Travel the Back Country Byway
The main Oregon Trail from Three Island Crossing to Boise was the primary route utilized by the emigrants for the first 10 years of the trail. Those emigrants who could not cross the Snake River were forced to follow the south side of the Snake River on a route known as the South Alternate. Freight and stage roads to the railroad in northern Utah utilized much of the Oregon Trail for many years. The Oregon Trail continued to be used long after the building of the railroads across southern Idaho, even into the early 1900’s.
The Main Oregon Trail Back Country Byway (MOTBCB) follows the Oregon Trail from the crossing of the Snake River near Glenns Ferry to Bonneville Point, southeast of Boise. Part 1 of the byway is a loop drive that takes you to the south side of the Snake River to view the Three Island Crossing location from the bluffs above the river, then ends on the north side of the river at Three Island Crossing State Park History and Education Center. Parts 2 and 3 take county roads to follow the Oregon Trail from Glenns Ferry to Bonneville Point. Oregon Trail ruts are visible along much of this route. Several locations allow access for hiking and horseback riding on the Oregon Trail.

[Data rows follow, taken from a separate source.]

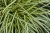 moonlight_carex-oshimensis_74172_2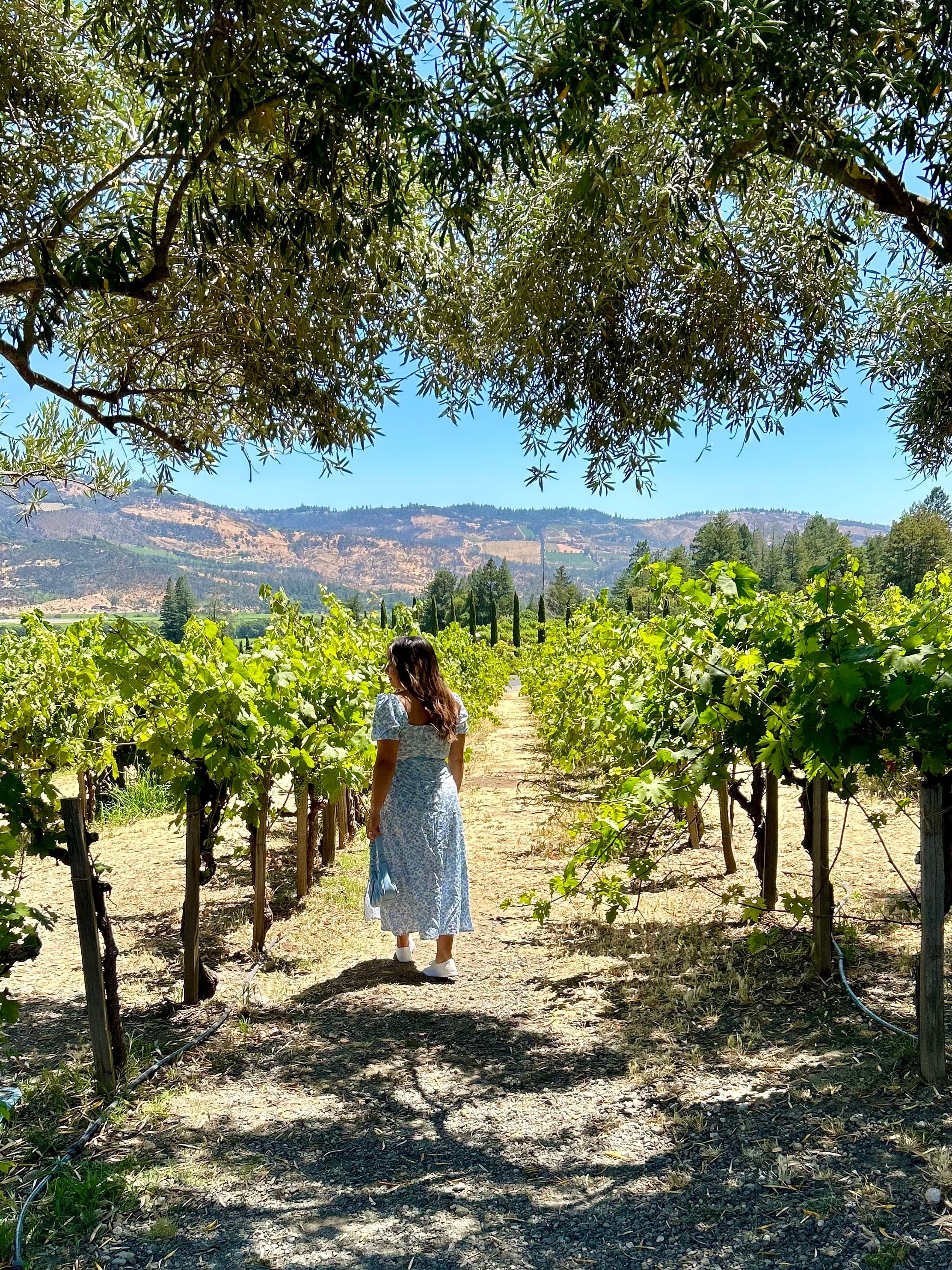 Picture of Amanda walking in vineyard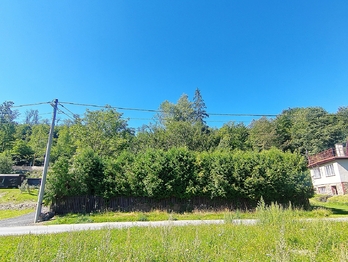 Pohled z cesty - Prodej pozemku 1359 m², Karlovice 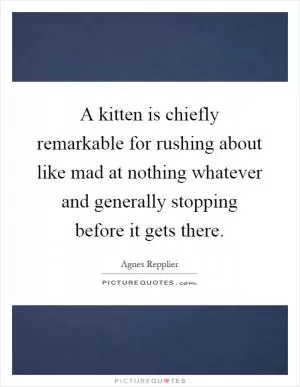 A kitten is chiefly remarkable for rushing about like mad at nothing whatever and generally stopping before it gets there Picture Quote #1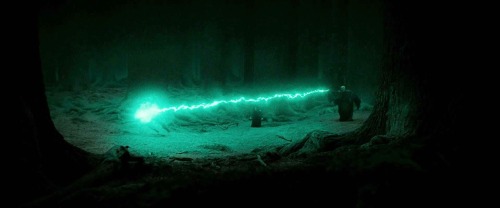 hpeighthhorcrux:Harry Potter + Horcruxes destroyed.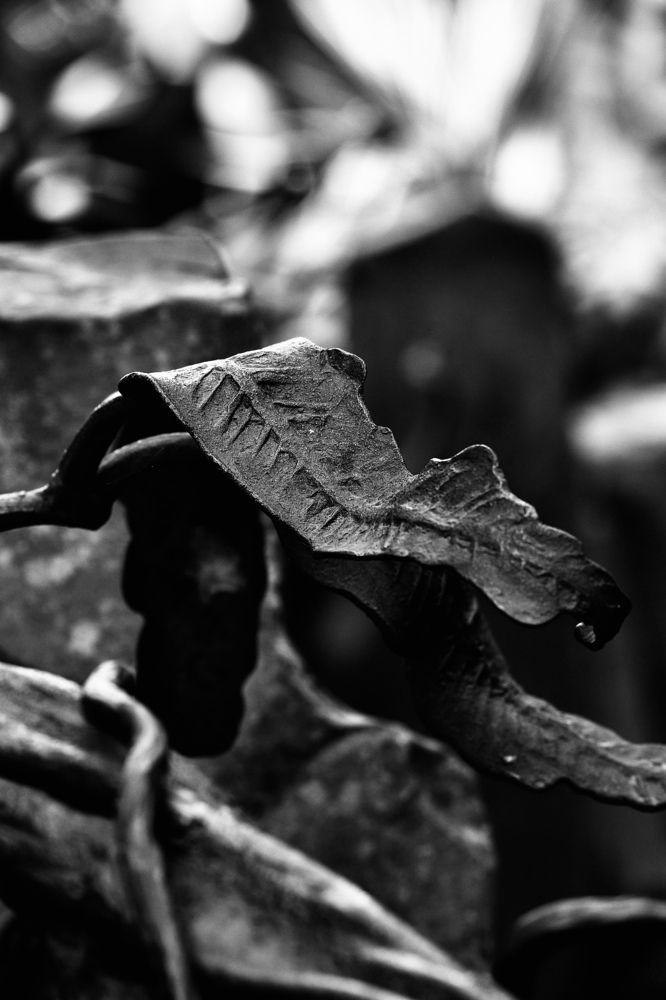 Фотография автора Илья Малеев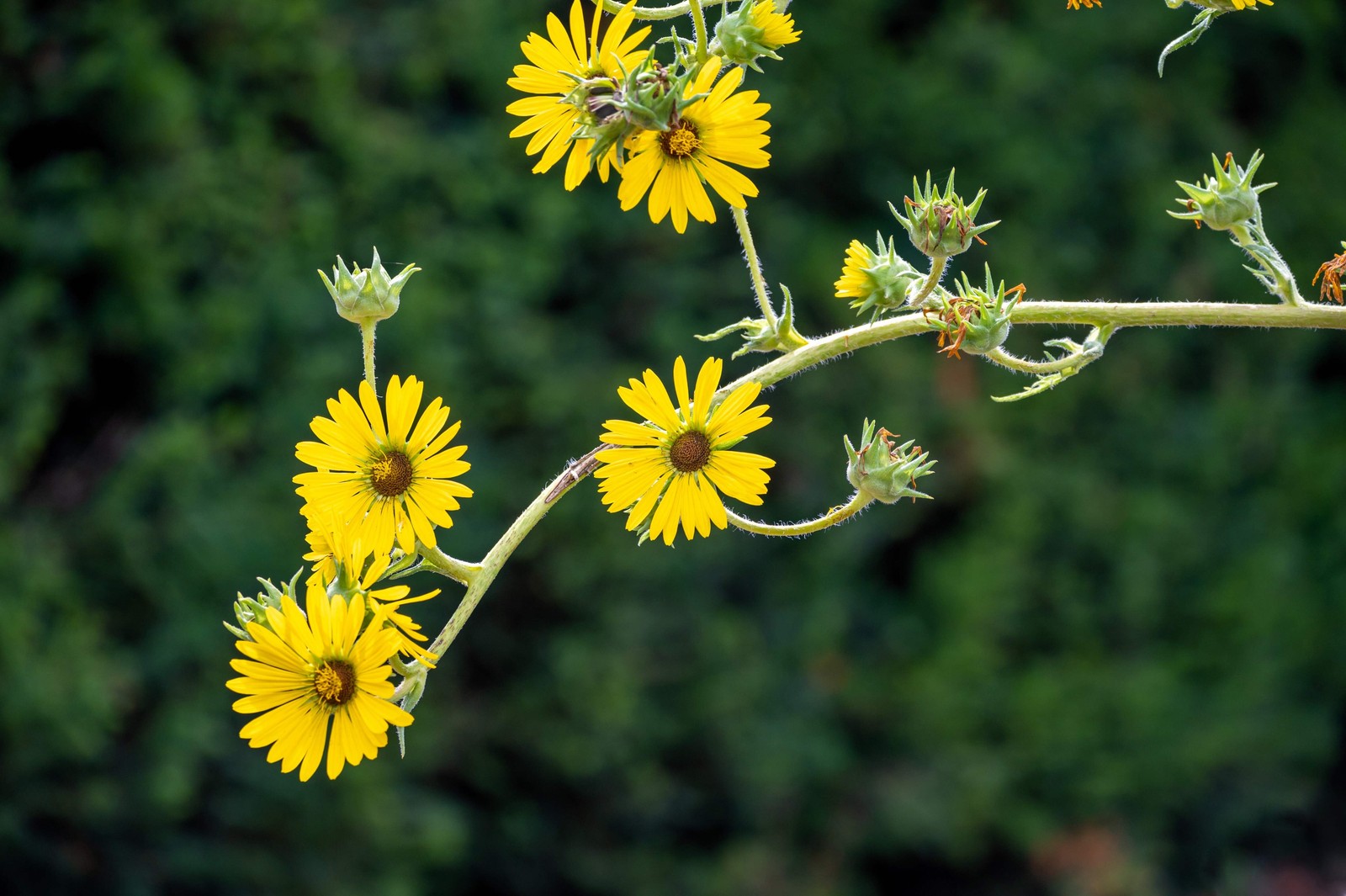 10 Yellow COMPASS PLANT Silphium Laciniatum Prairie Compassplant 4″ Flower Seeds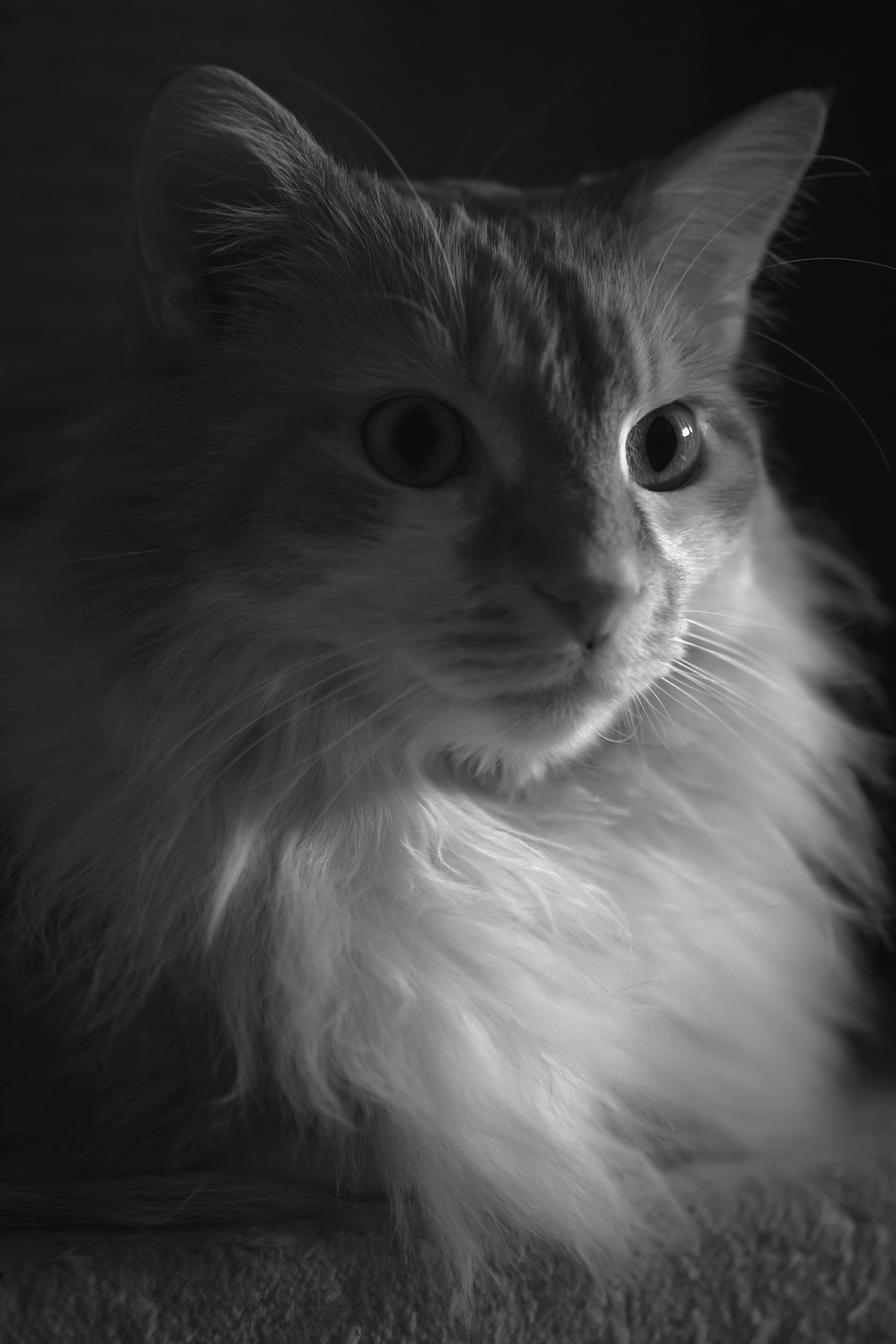 Gattone macro BW
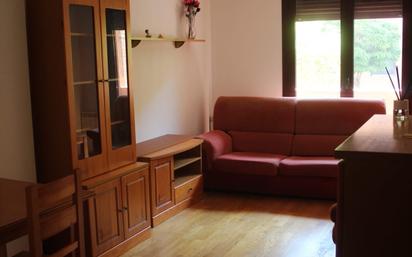 Living room of Flat for sale in Salamanca Capital  with Terrace and Balcony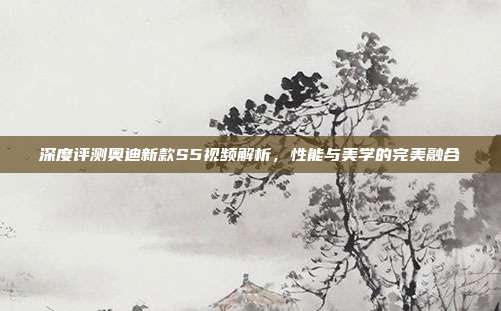 深度评测奥迪新款S5视频解析，性能与美学的完美融合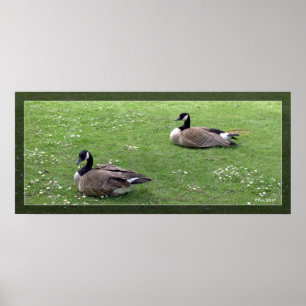 Poster Deux canards sauvages sur l'herbe verte. Animal pa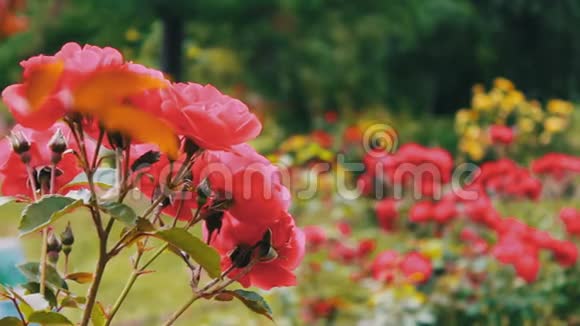 公园里的粉红色玫瑰花园里的鲜花花园里生长的嫩玫瑰花视频的预览图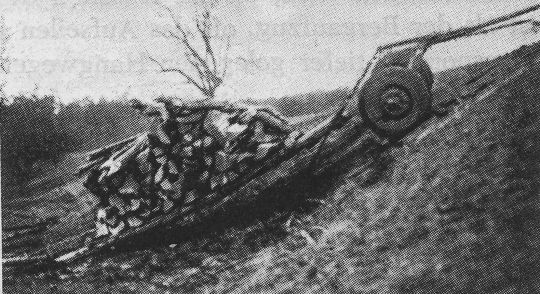 Foto "Zug von Schichtholz mit Hilfe eines luftgummibereiften Zweiradkarrens ..."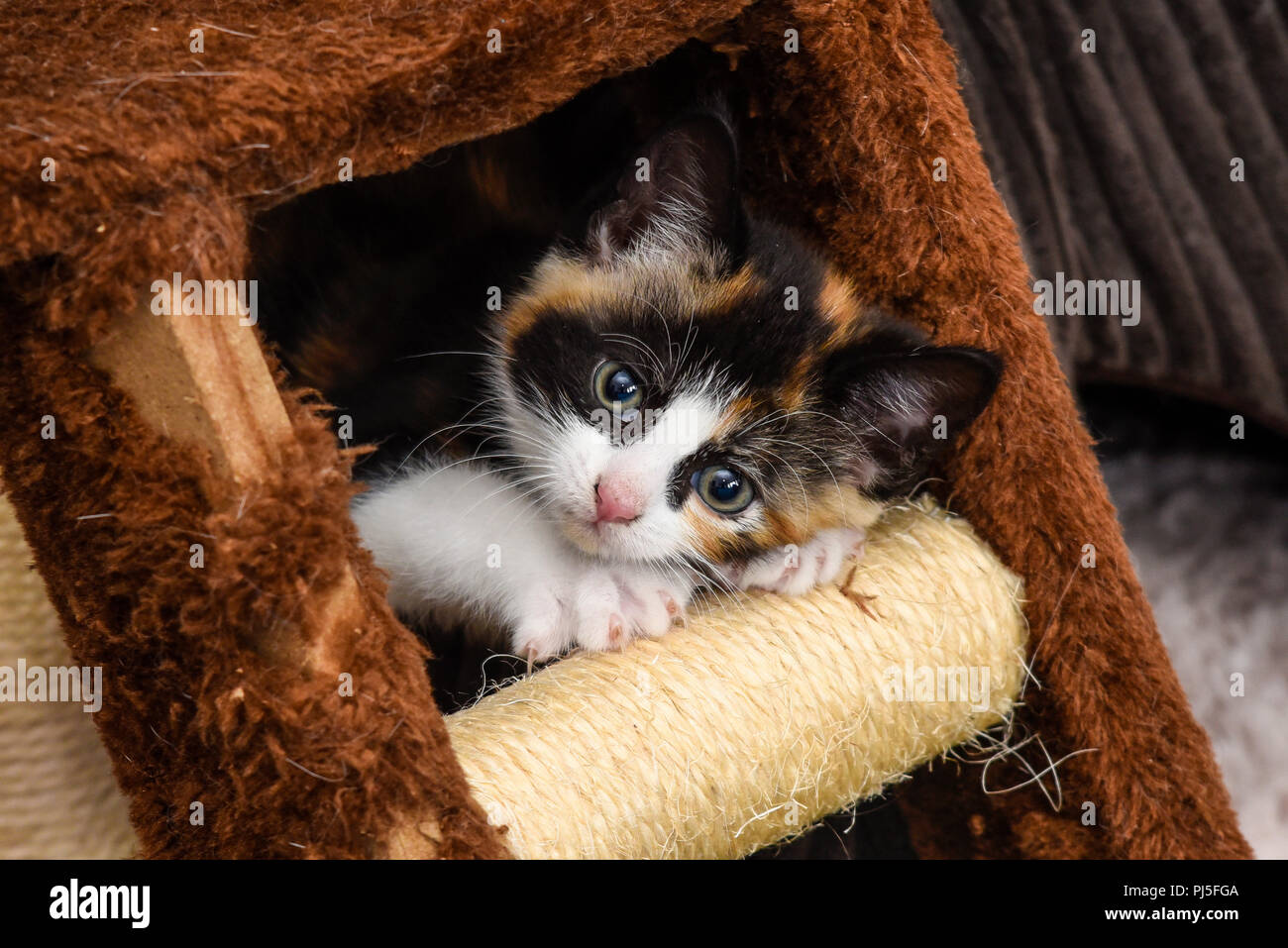 Schildpatt Kätzchen. Acht Wochen alt. Hallenbad Haustier klettern auf einen Kratzer Leiter. Niedlich. Tricolor, dreifarbig Schildpatt weiße Frau junge Katze. Calico Stockfoto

The total distance of the byway is 102 miles. Allow eight hours to complete the trip from Boise, including time to visit the Three Island Crossing State Park History and Education Center and to explore the Oregon Trail at the various access points along the way. All of the byway roads are paved or good gravel roads. High clearance vehicles may be required to access the trail off the byway. Four-wheel drive is not needed for the byway. Please stay off the access roads if they are wet or muddy.
The byway is separated into three parts – The Snake River and Three Island Crossing State Park, Snake River to Rattlesnake Creek, and Rattlesnake Creek to Bonneville Point. Highway 20 bisects the byway at Rattlesnake Creek and provides access to Mountain Home and Interstate 84.